What is expected: Could you copy exactly the lines below from the one with "Beautiful and Cosy" to the one with "Белый Фиат Добло, объемом", inclusive, leaving out any pictures?

Information:
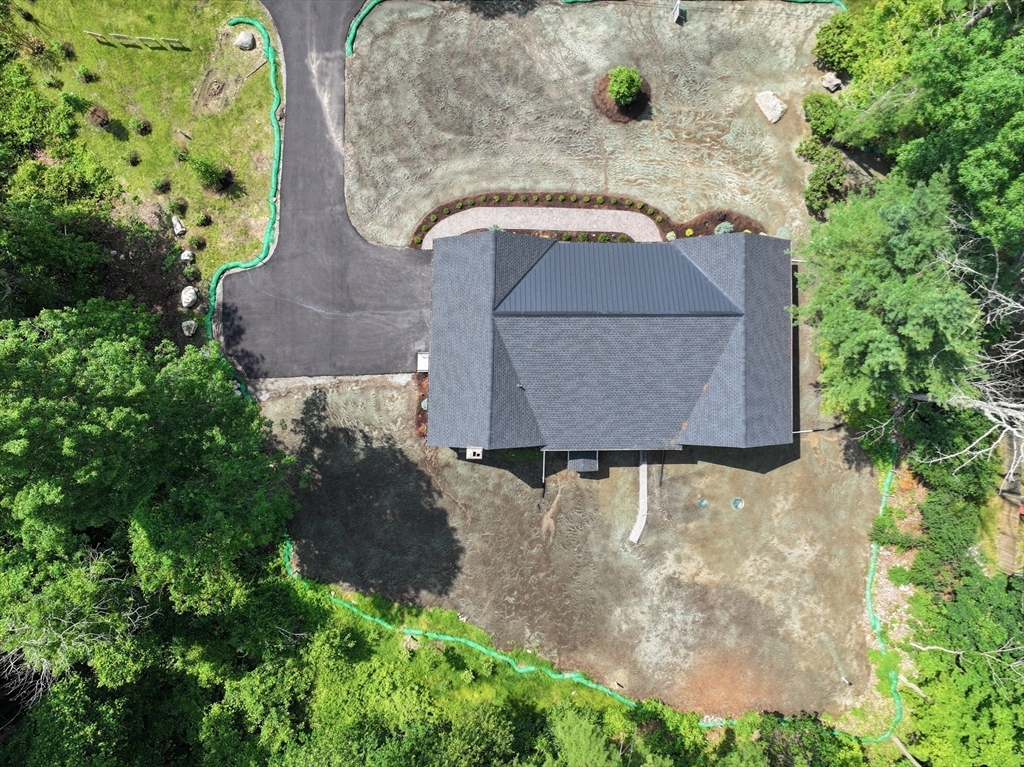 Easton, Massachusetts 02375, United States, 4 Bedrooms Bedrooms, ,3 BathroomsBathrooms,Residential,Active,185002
...
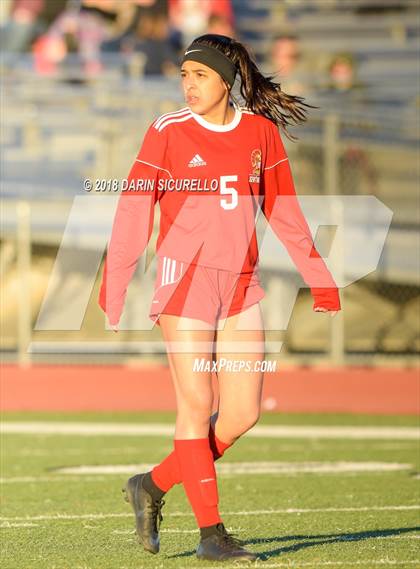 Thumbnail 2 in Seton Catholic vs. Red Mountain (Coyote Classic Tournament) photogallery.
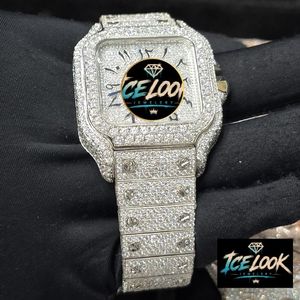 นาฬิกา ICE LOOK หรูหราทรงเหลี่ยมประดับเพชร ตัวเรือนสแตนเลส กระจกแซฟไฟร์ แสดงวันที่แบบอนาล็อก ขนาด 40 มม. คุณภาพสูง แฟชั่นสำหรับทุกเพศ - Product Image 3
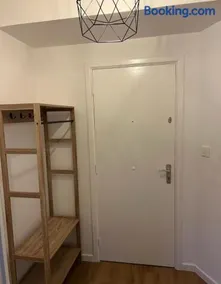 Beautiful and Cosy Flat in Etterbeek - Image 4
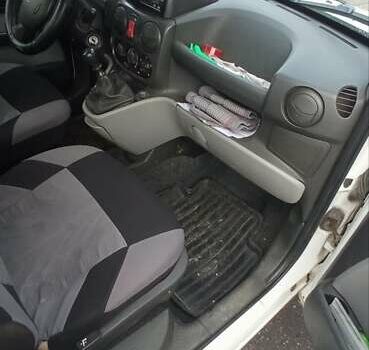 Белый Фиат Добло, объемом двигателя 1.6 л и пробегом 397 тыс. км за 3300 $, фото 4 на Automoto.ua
---
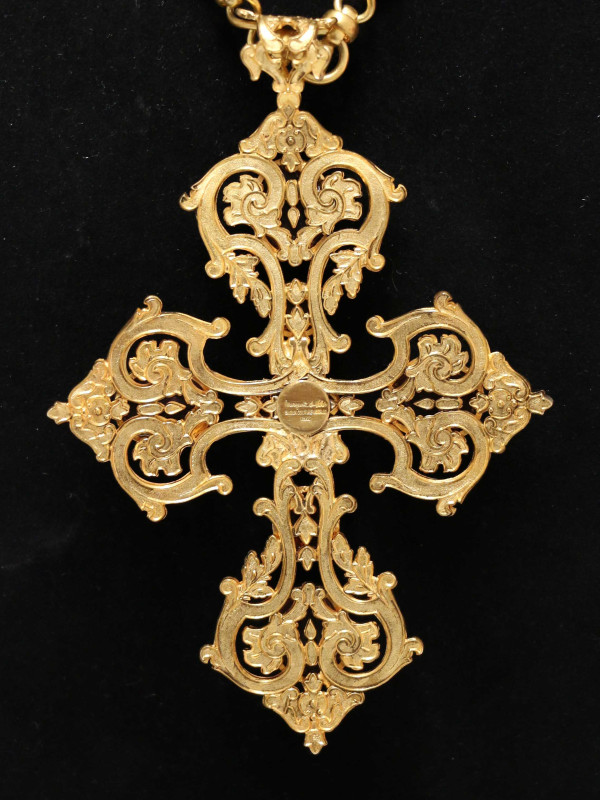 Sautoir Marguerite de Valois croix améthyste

Answer:
 Beautiful and Cosy Flat in Etterbeek - Image 4
 Белый Фиат Добло, объемом двигателя 1.6 л и пробегом 397 тыс. км за 3300 $, фото 4 на Automoto.ua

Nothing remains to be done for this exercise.